The map command is useful, but it will run, I believe, sequential searches for each event given to it, with a default of 10.
I assume that the request Id will be generating more than one event in Splunk, so you're looking to pull together all the events for that id, where one or more of those events took more than 2000ms.
The transaction command is one alternative, but I would generally advise against that, for a number of resource related reasons.
An alternative is to do the outer search and then join a subsearch on the ids, but again you may come up with resource issues as the join has limitations. By putting the >2000ms search as the subsearch you can minimise the join size.

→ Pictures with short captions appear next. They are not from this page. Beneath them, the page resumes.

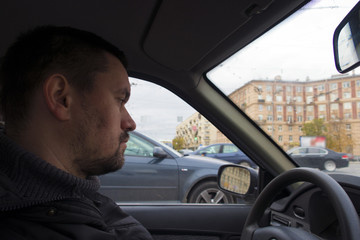 a man driving a car rides around the city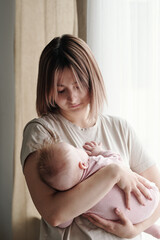 Wall Mural - Contemporary young woman cradling adorable baby daughter while holding her on hands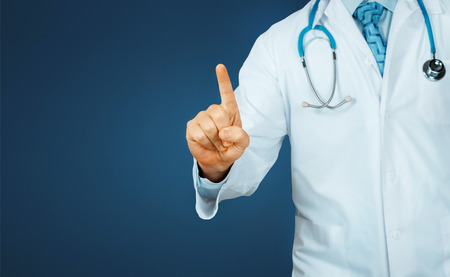 Young Doctor Pointing. Modern Technology In Healthcare And Medicine Conceptの写真素材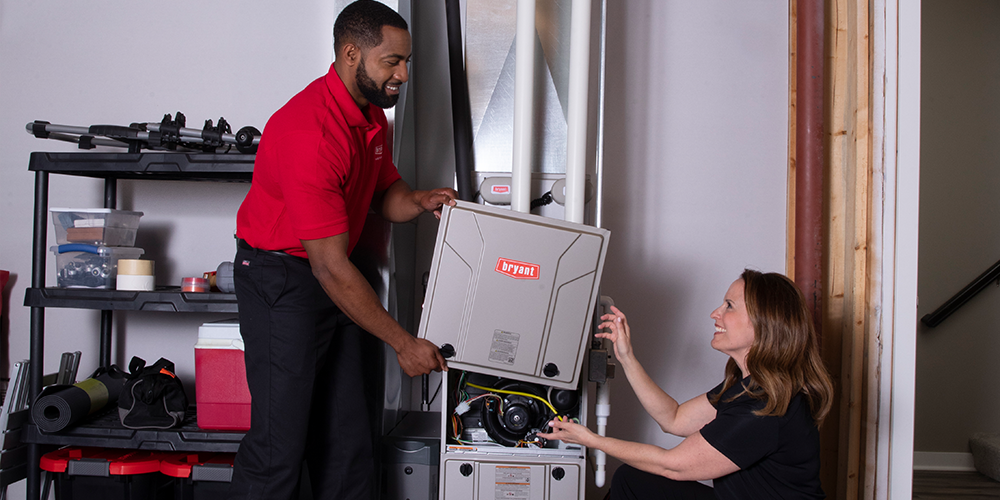 Replace Your Furnace Two technicians replace your furnace in homeowner's basement.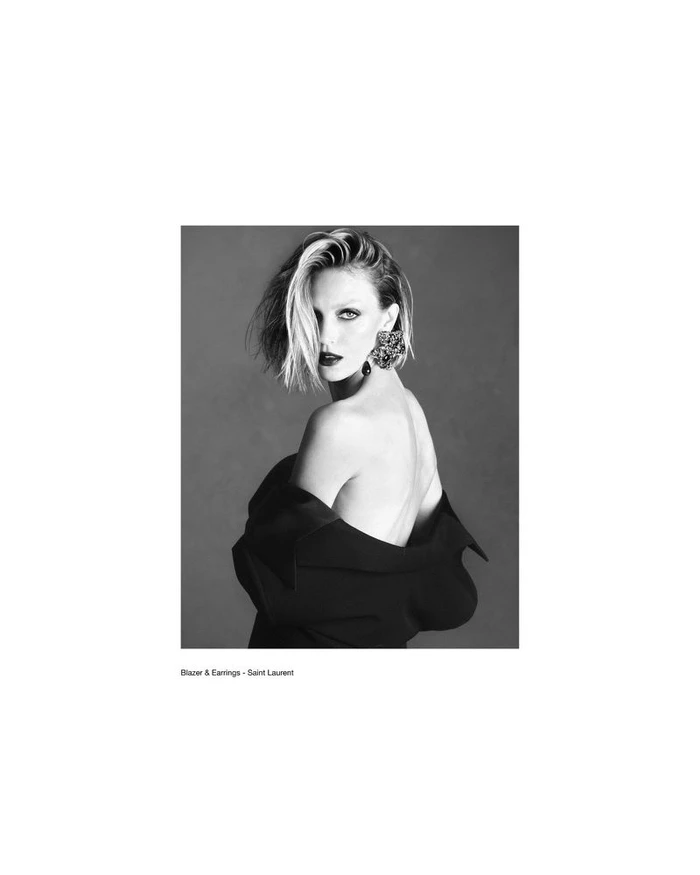 Black and white portrait of Anja Rubik wearing a dark blazer and statement earring, looking back over bare shoulder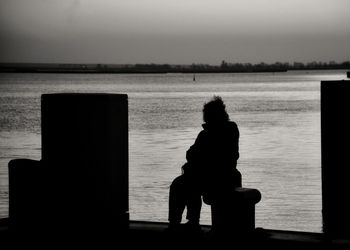 Rear view of woman standing by sea against clear sky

The other option is to use
index=foo
| rex field=_raw "^\[\((?<REQID>[^\)]*)" |
| stats values(_raw) as events max(REQUEST_TIME) as mrt by REQID
| where mrt>2000
| mvexpand events
....
then you will have all events for the problematic request ids. A lot will depend on data volume, performance and what data you then need from those events, but you can explore this.
Thank you, I will give it a try. These will be run manually on an ad-hoc basis so hopefully the performance won't be too big of an issue.